Arnold
Sonata for Piano in B minor
Two Piano Pieces [Prelude; Romance]
Variations on a Ukrainian Folk-Song, Op.9
Lambert
Piano Sonata
Elegy
Suite in three movements
Elegiac Blues
Mark Bebbington (piano)
Recorded 23 & 24 August 2005 in Symphony Hall, Birmingham
Reviewed by: Colin Anderson
Reviewed: March 2007
CD No: SOMM NEW HORIZONS
SOMMCD 062
Duration: 77 minutes
This handsome collection extends our appreciation of both Malcolm Arnold and Constant Lambert and also of Mark Bebbington. There’s no doubting the pianist’s dedicated response to music that is, rightly or wrongly, off the beaten track; one ‘test’ is his ability to convince that his championing of such ‘byways’ of piano literature is justified. This Bebbington does very persuasively.
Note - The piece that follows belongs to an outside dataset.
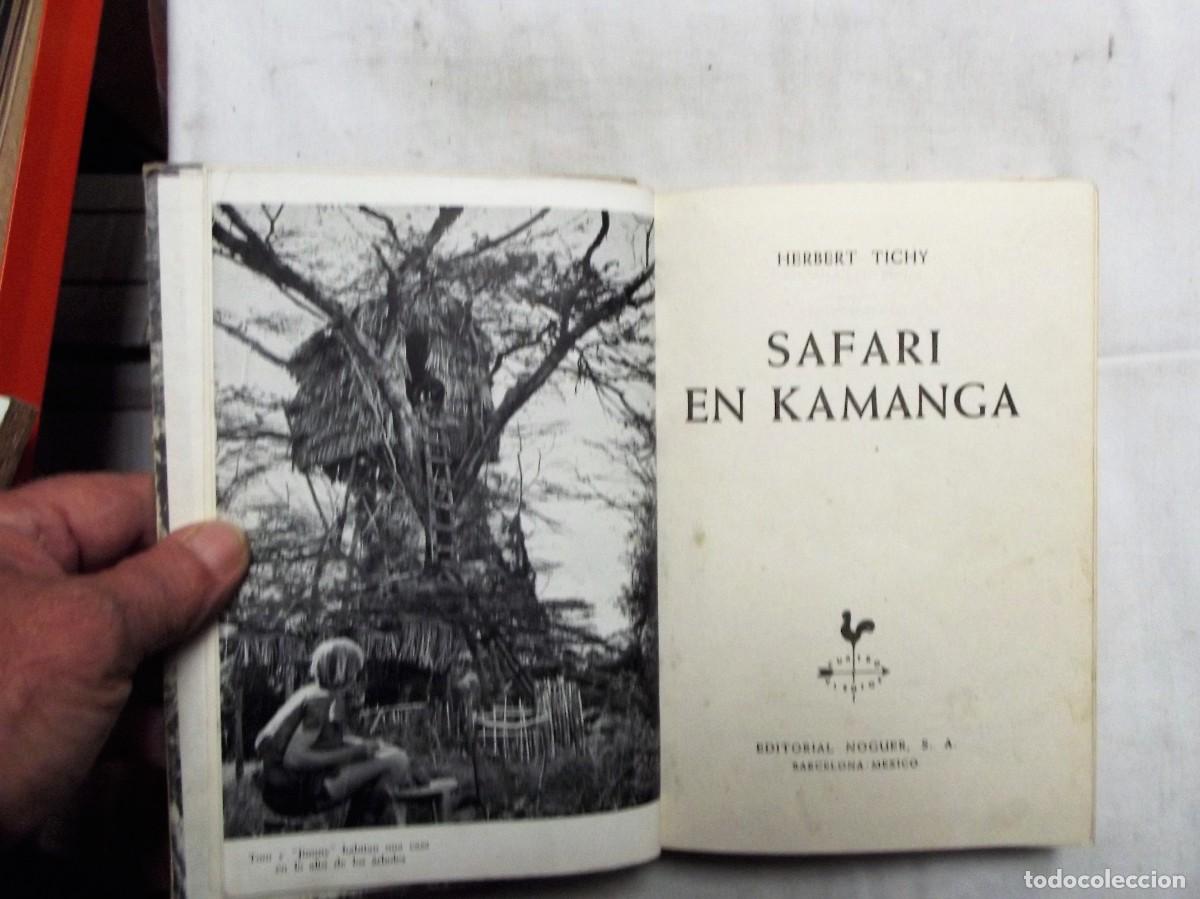 Libros de segunda mano: SAFARI EN KAMANGA DE HERBERT TICHY - Foto 2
Malcolm Arnold (1921-2006) will be best remembered for his symphonies, concertos, film music, concert overtures and national dances: a veritable feast of melody and colour and often rather more – the raw emotion of ‘being alive’. Piano music is a very small part of his output. The early Sonata is a concise three-movement work from 1942. The first movement is a stylistic melting-pot that is constantly unpredictable (Haydnesque in some respects); the second has echoes of Gershwin (maybe Billy Mayerl is closer to home); and the finale is openly humorous and reminds of a machine that keeps losing its way – one passage suggests a pub sing-a-long! Prelude and Romance, from the following year, both have a bewitching loveliness, what might be termed ‘salon pieces’ but exuding an individuality that announces the young Arnold as aware of much music around him and yet able to sign pieces off entirely under his own moniker.
Both these works are ‘without opus number’. The Variations on a Ukrainian Folk Song (from either 1944 or 1947, Somm’s presentation suggests both – but the work was first heard in 1946) turned out to be both Arnold’s biggest piano work and his last for the instrument alone. Even then it lasts but 15 minutes. The Theme (with quite a melancholic hue) is subjected to ten Variations, which have a ‘Russian’ intensity and specifically, as Bebbington suggests in his contribution to the booklet, a corollary with Prokofiev and Shostakovich, but there is also an attractive whimsy to the whole, not least the slinky, samba-like rhythms of Variation VII.
Constant Lambert’s output for piano includes two concertos, The Rio Grande, and the music recorded here. Lambert (1905-51) composed the three-movement Sonata in 1929; it’s a substantial piece (23 minutes in Bebbington’s account) that requites its intricacy while absorbing ‘popular’ music (jazz) into the music’s weave in a wholly innate way. Indeed, the danger might be that the composer’s stratagem would ‘date’ the work; yet here it seems fresh and not at all experimental (as maybe it did at the time of composition). Lambert’s Sonata is a work of strength and purpose, one that constantly evolves through ideas that are formidably inventive and realised but yielding to the most direct of expression at judiciously chosen moments. The work’s construction is of a tensile opening movement followed by a wistful ‘Nocturne’ that grows into scherzo-like passages of syncopation and is ‘crowned’ by a finale (marked ‘Lugubre’) that begins in the depths, but it isn’t long before Lambert’s ‘jazz world’ comes to the fore, again, absorbed into writing that is both knotty and heroic.
The shorter works of Lambert’s that complete the disc include the very unsettled (and unsettling) Elegy (1938), the ethereal and explosive measures of the Suite (the second movement reminds me more of Bartók than Bebbington’s nominated Stravinsky) and Elegiac Blues (written “in memory of Florence Mills”) that seems to relate booze-tinted sad affection.
Mark Bebbington has been exceptionally well recorded. This is a very rewarding release and the excellence is completed by Robert Matthew-Walker’s essay on the two composers (interesting to read about parallels between the two) and Bebbington’s own comments on the music that he plays with obvious pleasure, insight and celebration.